-- REQUIRED WORK --
Give again, word for word, every line below from the one that has "15 Best Packing Cubes for Luggage in 2026" through the one that has "Yu-Gi-Oh! - Last", both included, and no others.

-- DATA RECORDS --
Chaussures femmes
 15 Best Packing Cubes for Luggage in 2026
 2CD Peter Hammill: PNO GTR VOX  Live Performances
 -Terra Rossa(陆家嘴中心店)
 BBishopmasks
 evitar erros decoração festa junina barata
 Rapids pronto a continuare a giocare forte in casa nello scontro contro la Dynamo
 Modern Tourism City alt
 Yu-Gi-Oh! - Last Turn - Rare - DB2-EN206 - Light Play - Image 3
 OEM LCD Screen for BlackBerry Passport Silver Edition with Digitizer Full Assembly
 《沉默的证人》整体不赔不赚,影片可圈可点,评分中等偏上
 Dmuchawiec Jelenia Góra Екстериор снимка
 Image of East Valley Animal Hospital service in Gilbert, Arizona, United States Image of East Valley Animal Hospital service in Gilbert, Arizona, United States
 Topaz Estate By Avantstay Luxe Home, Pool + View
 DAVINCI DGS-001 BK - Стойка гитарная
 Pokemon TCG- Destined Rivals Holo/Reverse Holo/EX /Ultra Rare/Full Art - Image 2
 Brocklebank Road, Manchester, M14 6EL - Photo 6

-- ANSWER TO THE PROBLEM --
 15 Best Packing Cubes for Luggage in 2026
 2CD Peter Hammill: PNO GTR VOX  Live Performances
 -Terra Rossa(陆家嘴中心店)
 BBishopmasks
 evitar erros decoração festa junina barata
 Rapids pronto a continuare a giocare forte in casa nello scontro contro la Dynamo
 Modern Tourism City alt
 Yu-Gi-Oh! - Last Turn - Rare - DB2-EN206 - Light Play - Image 3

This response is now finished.